Sollecitato più volte dall’architetto Di Bugno, il dottor Brogi, in rappresentanza di Lazzi, ha così replicato: “I lavori stanno andando avanti come da protocolli, siamo nei tempi. Sulla mancata Fidejussione, nessuno le fa ad aziende in liquidazione ma ci stiamo ancora muovendo per cercare una soluzione”.

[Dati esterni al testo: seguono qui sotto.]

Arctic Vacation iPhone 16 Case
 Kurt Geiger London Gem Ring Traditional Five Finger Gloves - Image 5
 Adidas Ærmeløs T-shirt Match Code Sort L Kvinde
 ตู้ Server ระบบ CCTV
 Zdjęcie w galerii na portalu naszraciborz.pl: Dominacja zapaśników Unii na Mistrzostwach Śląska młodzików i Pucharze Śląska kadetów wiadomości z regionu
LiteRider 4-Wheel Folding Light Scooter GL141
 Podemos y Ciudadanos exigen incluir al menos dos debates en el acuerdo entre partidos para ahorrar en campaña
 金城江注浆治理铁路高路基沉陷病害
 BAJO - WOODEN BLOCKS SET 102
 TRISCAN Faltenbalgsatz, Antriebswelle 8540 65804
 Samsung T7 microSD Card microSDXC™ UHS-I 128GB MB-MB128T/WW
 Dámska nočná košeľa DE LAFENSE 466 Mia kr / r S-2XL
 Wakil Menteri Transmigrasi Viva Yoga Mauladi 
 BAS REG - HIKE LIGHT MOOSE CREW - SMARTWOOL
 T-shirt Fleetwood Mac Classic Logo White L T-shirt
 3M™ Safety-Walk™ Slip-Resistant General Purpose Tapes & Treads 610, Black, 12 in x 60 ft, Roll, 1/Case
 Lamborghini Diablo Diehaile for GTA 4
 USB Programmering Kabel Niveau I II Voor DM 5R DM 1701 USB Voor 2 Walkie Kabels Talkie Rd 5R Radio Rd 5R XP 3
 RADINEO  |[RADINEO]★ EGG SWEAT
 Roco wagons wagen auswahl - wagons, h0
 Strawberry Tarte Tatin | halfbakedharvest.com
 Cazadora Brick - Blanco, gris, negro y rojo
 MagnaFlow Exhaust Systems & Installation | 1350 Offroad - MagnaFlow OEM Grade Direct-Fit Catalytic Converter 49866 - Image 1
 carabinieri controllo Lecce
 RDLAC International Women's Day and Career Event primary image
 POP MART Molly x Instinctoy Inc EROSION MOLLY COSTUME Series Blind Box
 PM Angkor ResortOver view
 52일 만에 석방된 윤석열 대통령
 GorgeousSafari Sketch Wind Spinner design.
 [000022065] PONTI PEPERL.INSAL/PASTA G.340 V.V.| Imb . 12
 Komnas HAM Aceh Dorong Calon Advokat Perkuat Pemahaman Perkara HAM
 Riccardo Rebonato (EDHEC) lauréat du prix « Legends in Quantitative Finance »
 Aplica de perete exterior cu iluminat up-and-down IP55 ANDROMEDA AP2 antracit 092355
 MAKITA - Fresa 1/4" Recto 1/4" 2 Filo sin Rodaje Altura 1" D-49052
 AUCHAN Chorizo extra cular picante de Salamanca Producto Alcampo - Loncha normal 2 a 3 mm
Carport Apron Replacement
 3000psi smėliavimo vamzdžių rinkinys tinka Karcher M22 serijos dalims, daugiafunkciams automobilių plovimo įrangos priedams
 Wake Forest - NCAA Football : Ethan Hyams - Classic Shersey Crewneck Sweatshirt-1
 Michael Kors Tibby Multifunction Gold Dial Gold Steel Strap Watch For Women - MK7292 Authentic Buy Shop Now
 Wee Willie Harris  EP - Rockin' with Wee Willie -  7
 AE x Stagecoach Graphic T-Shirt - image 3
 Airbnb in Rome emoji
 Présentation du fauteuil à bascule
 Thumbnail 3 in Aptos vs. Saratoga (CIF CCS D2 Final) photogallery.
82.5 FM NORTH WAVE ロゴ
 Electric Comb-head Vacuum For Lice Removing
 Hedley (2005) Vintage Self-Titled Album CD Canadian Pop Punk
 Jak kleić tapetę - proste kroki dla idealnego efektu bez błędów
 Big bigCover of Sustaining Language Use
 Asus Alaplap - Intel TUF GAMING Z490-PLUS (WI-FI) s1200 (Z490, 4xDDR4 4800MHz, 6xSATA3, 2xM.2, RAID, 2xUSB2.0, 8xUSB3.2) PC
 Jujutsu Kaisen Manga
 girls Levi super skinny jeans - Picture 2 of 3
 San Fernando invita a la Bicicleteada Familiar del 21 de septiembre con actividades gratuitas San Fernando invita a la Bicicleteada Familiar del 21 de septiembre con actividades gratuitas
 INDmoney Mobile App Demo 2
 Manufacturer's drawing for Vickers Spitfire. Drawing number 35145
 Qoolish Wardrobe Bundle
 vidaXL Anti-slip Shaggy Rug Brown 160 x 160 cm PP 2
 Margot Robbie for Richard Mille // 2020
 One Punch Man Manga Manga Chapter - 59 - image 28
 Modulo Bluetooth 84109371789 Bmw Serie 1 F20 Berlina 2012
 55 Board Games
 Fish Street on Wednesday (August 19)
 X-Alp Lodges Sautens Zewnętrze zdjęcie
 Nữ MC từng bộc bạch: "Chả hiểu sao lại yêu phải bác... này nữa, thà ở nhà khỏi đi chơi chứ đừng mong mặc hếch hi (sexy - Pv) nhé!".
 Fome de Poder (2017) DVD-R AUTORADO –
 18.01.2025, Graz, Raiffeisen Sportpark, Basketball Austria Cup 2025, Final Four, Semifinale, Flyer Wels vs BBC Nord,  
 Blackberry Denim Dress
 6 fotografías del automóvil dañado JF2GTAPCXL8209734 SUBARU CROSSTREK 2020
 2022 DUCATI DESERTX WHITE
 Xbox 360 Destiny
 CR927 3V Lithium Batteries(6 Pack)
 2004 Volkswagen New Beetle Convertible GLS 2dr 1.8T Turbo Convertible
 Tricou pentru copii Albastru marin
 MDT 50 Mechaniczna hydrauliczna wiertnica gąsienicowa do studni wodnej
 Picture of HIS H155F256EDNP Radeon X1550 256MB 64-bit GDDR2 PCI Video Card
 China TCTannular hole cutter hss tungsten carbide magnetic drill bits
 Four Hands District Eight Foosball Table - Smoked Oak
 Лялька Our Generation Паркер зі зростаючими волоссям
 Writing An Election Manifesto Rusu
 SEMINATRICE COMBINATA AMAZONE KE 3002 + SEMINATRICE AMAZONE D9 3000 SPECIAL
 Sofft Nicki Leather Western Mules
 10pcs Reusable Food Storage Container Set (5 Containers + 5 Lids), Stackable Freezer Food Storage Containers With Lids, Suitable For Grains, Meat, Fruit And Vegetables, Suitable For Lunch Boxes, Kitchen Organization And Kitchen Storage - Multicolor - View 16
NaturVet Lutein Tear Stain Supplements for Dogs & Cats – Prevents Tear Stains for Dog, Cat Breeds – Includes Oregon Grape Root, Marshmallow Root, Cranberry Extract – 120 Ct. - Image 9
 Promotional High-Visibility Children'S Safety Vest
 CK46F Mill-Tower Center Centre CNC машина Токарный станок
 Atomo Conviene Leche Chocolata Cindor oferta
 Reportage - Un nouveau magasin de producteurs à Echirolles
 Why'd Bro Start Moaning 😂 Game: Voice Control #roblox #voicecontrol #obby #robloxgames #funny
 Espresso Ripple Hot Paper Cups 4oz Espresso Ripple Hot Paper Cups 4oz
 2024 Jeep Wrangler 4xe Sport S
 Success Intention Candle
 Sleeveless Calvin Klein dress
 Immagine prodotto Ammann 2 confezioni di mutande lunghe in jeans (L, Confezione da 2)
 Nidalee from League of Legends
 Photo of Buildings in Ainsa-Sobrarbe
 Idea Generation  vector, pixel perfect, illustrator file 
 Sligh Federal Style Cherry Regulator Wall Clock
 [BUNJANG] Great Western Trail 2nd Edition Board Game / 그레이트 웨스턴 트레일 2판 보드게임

Ad entrare nel merito dell’intervento di bonifica è il dottor Chichinè della ditta Sa3: “Questo tipo di contaminazioni è particolarmente difficile da eliminare – spiega – Si tratta di livelli molto bassi anche se superiori a quelli previsti dalla legge. Paradossalmente quest’acqua si potrebbe utilizzare per scopi idro-potabili. Il terreno è stato bonificato e le operazioni stanno proseguendo. Per accelerare i tempi abbiamo proposto l’utilizzo di tecnologie innovative che in altri contesti si sono rivelate efficaci anche se non c’è un’ampia letteratura in materia. Con questa nuova procedura la bonifica si potrebbe concludere in tempi ragionevolmente brevi. Non esistono altre alternative, dato che con le metodologie tradizionali non si riesce a rimuovere completamente gli inquinanti”.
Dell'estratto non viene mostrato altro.